The problem isn’t really the number, however, it’s how they’re being organized. Typically, each business unit is providing a portal of their information for others to use. The problem with this is, it’s organized by the producer’s way of viewing the world, not the consumer’s. Bad usability. Which is usually confounded by only one way of organizing, a lack of ways of reorganizing, and sometimes not even a search capability! (Though fortunately that’s now being baked into most tools.)
So people wonder where to go, different units create different mythologies about what portals are useful, some sites aren’t used, others are misused, it’s a mess.
On the other hand, I do want users to seize control and create their own sites, and there are reasons for groups to create sites. If you have hundreds of user communities, you should have hundreds of portals. The real organizational principle, however, should be how the users think about it. There are two ways to handle that: you can do good usability, with ethnographic and participatory methods of finding out how the users think about the world, or better yet, let the inmates run the asylum (and provide support, back to the facilitation message).

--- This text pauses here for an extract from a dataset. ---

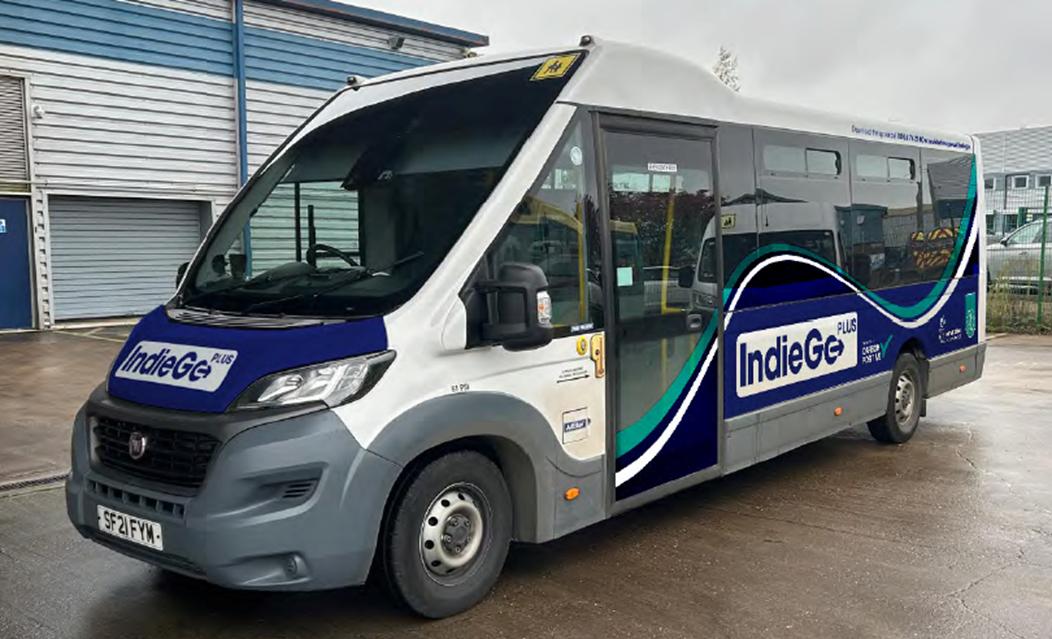 Picture of the blue and white IndieGo Plus Bus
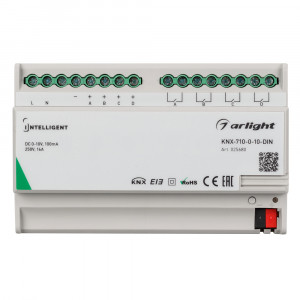INTELLIGENT ARLIGHT Конвертер KNX-710-0-10-DIN (230V, 4x0/1-10, 4x16A) 025680, Конвертер KNX-0-10V с выходами: 4 релейных выхода по 16А, 4 выхода 0-10V для управления драйверами, диммерами, клапанами и пр. Совместим с устройствами 0-10 с пассивным входом. Установка на DIN-рейку. Питание 230V.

For formal information – HR, product sheets, pricing, all the stuff that’s created – it should be organized into portals by role: who needs this different information. You can use web services to pull together custom, user-centered portals on top of all this information. And, then, you should also empower communities of practice to create their own portals as well.
So, to answer the question, I think it’s fabulous to create a site where experts can put up information, and the learning unit can mine that for things they can add value to. However, do it in conjunction with the experts and users. Let their self-organization rule who plays and how the playground is structured, don’t dictate it from above.
I saw an example of that in a recent engagement, where a group offering software training couldn’t keep up with the changes in the software, so they started putting it up on a wiki, and now they’re devolving control to the user experts. It’s just coping, but it’s also strategic. Tap into the knowledge of your groups.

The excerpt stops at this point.